| DATA RECORDS |
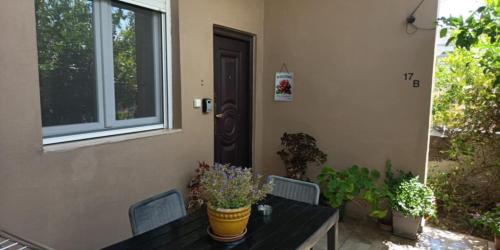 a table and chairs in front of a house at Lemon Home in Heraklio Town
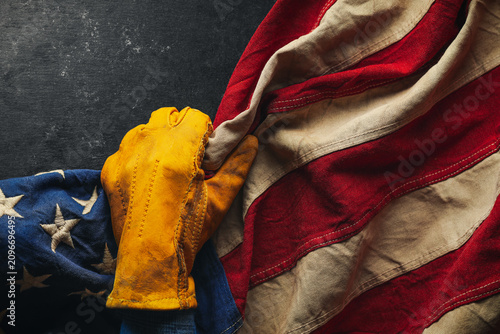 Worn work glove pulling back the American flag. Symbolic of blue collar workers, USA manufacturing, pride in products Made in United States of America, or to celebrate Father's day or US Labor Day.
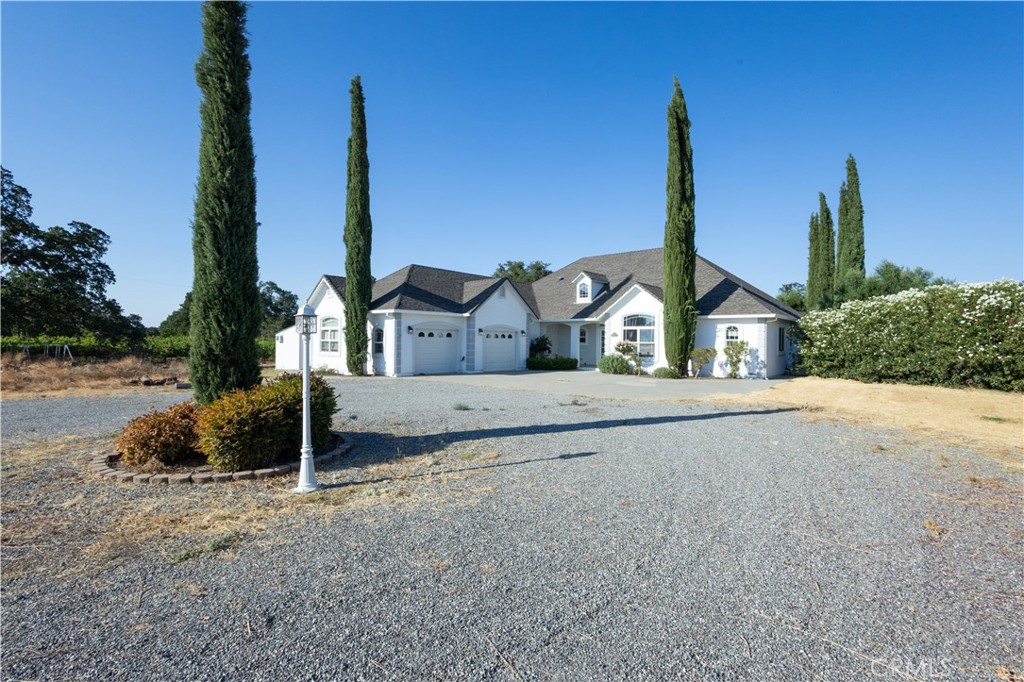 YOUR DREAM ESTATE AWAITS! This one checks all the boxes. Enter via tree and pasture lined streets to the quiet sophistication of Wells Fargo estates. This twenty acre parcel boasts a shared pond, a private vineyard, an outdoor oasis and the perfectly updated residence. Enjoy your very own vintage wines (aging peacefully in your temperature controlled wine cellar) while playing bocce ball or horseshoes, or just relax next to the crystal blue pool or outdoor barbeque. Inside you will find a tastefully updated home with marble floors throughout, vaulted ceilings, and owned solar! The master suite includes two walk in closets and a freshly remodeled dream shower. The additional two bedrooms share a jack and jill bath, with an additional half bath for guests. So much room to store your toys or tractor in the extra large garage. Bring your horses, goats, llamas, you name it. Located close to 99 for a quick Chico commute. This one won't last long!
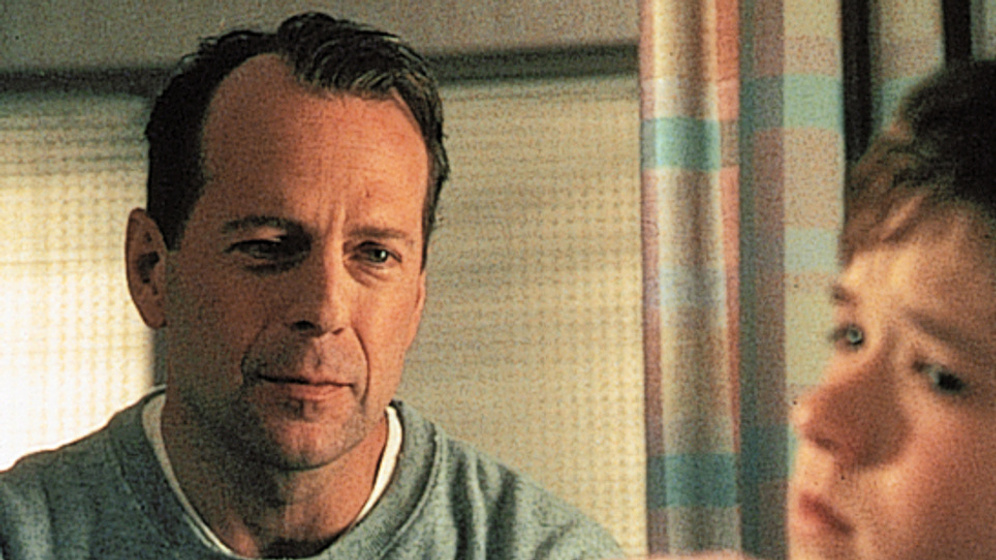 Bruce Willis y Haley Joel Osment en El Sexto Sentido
...
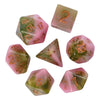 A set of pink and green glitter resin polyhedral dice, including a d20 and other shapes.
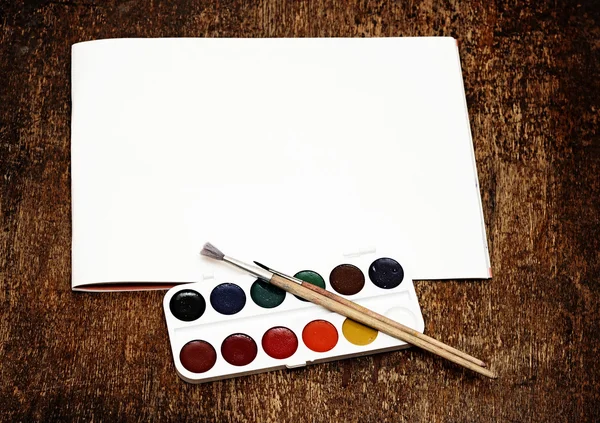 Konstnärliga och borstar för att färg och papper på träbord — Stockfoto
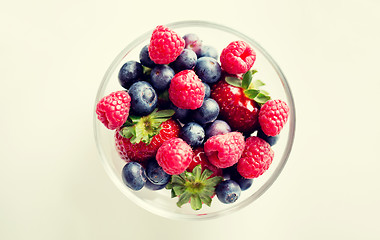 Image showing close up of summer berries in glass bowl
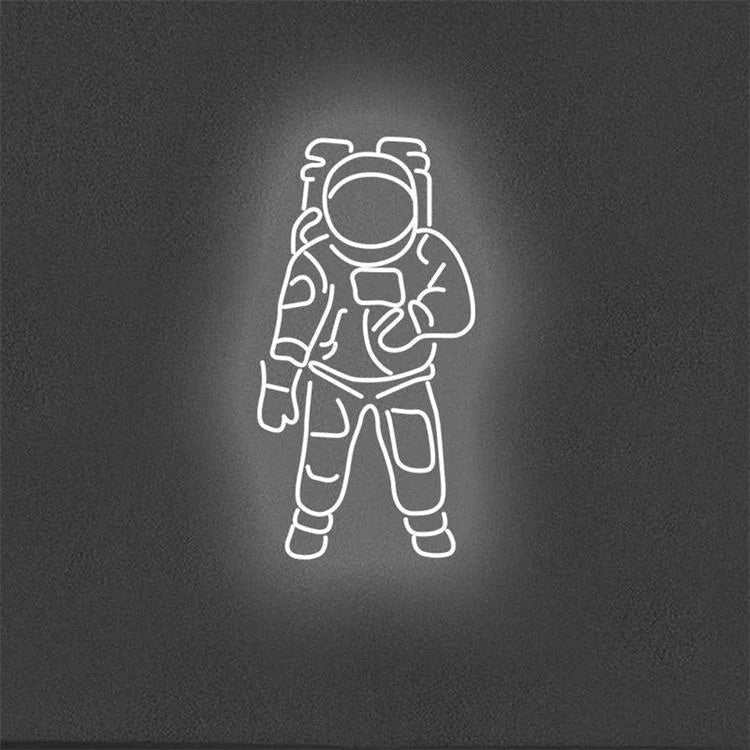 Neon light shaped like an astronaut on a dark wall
--
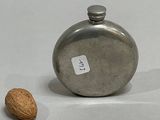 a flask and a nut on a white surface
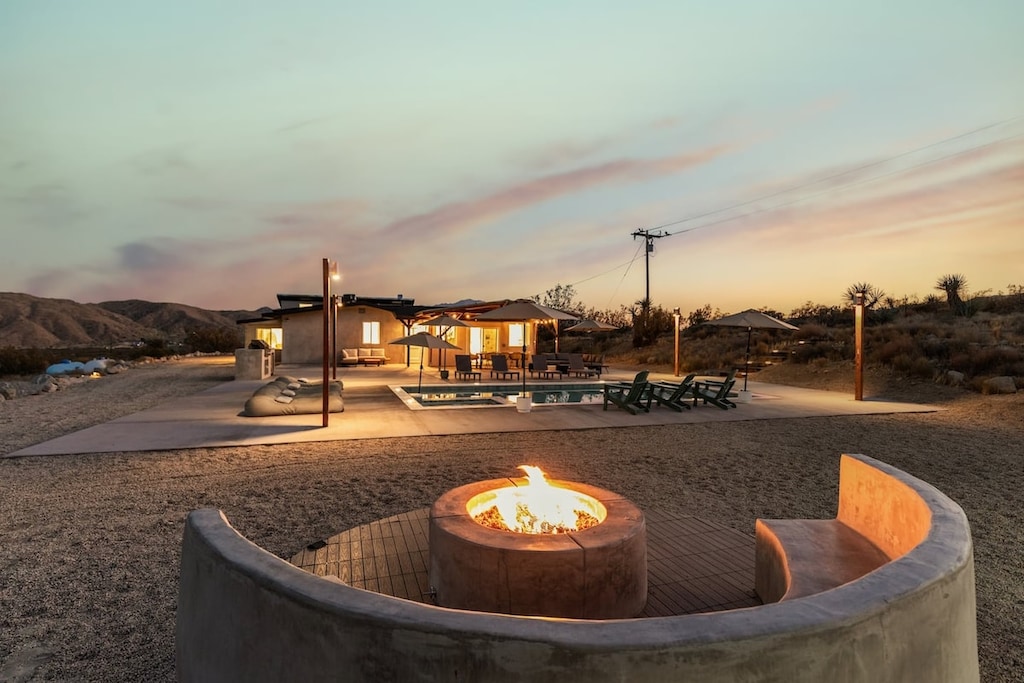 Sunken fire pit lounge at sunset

| WHAT TO PRODUCE |
Starting at the line with "Image showing close" in the entries above, write out every line exactly until the line with "Neon light shaped" has been written. Include no pictures and nothing more.

| SOLUTION FOR THIS TASK |
 Image showing close up of summer berries in glass bowl
 Neon light shaped like an astronaut on a dark wall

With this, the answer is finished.